I had a couple of offline discussions about the way I set things up and wanted to expand on these further.

  1. I penalized a lot more for bad predictions of good weather than bad predictions of bad.
  2. – I was aiming for a risk==reward approach: sources would earn more points accurately forecasting atypical weather, but if they got it wrong, they would be equally penalized. Think of it this way, would you be more disappointed if the forecast was for sunny and it rained, or if it was for rain, and it was sunny? Exactly.

  3. There’s a wide range of sky conditions
  4. — I would have liked a more granular approach, but a few of the sources didn’t differentiate partly cloudy from partly sunny. And frankly, this is a lot of information to chug through and this was an opportunity to simplify; hence, there were three buckets: sunny, mostly sunny, and everything else.

  5. Control cheated
  6. — The charges are wholly without merit and my client will be fully exonerated of these baseless char… (ahem).

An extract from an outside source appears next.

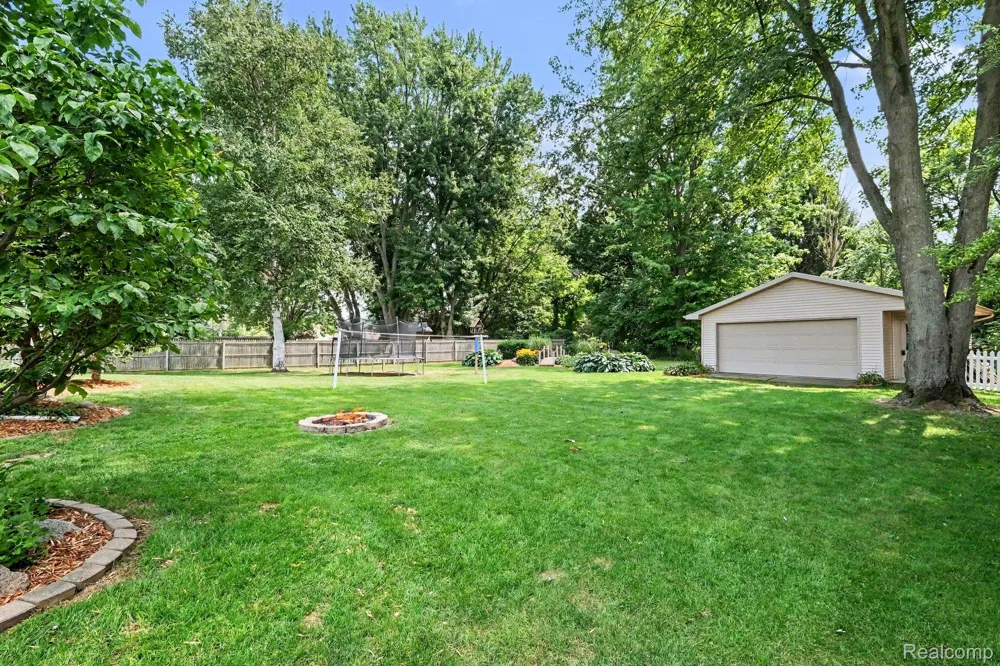 10361 Coldwater Road Flushing Charter Township, MI 48433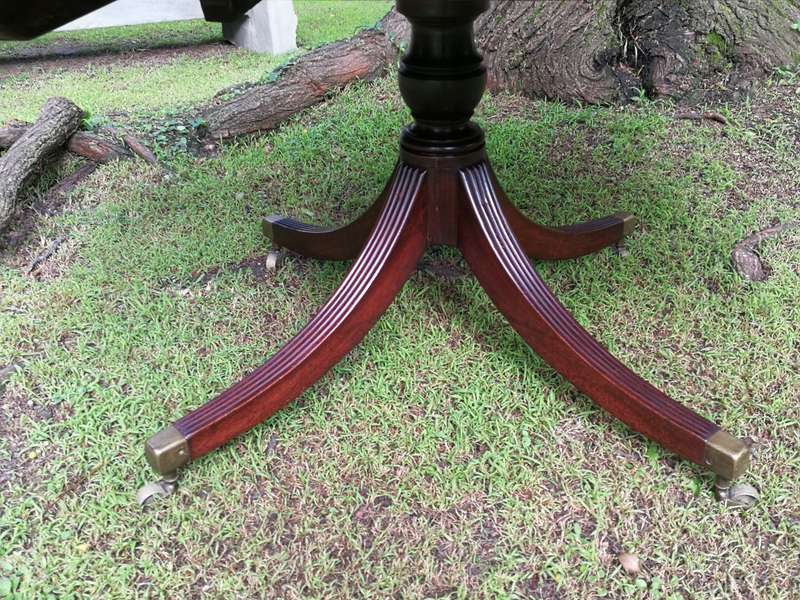 Early 19th-century George III Mahogany & Rosewood Banded Breakfast Table Circa 1810 (6-8-Seater)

    “Control” benefited from good timing, but won by plodding mediocrity. (For comparison, KCPQ had two really good forecasts, and two slightly bad ones.) Probabilistically speaking, there’s an 83% chance of clouds and 63% chance of rain in February. This is data available to everyone.
    Control did not benefit from a phalanx of meterologists, weather radars, or adjacent forecasting data.

  7. What does this prove?
  8. — First and foremost: it rains in Seattle. Second, weather forecasting is harder than it looks. KIRO and NWS declined to respond to my letters, so I have no further insight as to why a forecast would be spectacularly right or wrong. I think it’s a random system. There may be some human bias towards optimism, especially in the later days, but there aren’t enough data points to make a confident statistical inference. For example, NWS did much better in this round while KIRO did much poorer. Why? I expect that if I run through this exercise again, the results to be different.

  9. I am strange
  10. — technically, this exercise didn’t prove that, but it may have provided further substantiation.


Final Ranking
1. KCPQ TV 13, Control (tied)
3. KING TV 5 (+1)
4. Accuweather (+4)
5. National Weather Service (+5)
6. Weather Underground (+9)
7. Weatther Channel (+10)
8. Seattle Times (+10, DNF)
9. Seattle PI/KOMO TV 4 (+13, DNF)
10. KIRO TV 7 (+16, DNF)

So let me know what you think! (And if you forecast weather for a living, share your challenges in forecasting, expand on the models (what other data points do you use), and point out ways to improve this.)

3 thoughts on “Weather Rodeo Results”

  1. You’re strange in an “I appreciate accurate weather forecasting” way as opposed to a scary, creepy “I’m stalking the weather girl” way.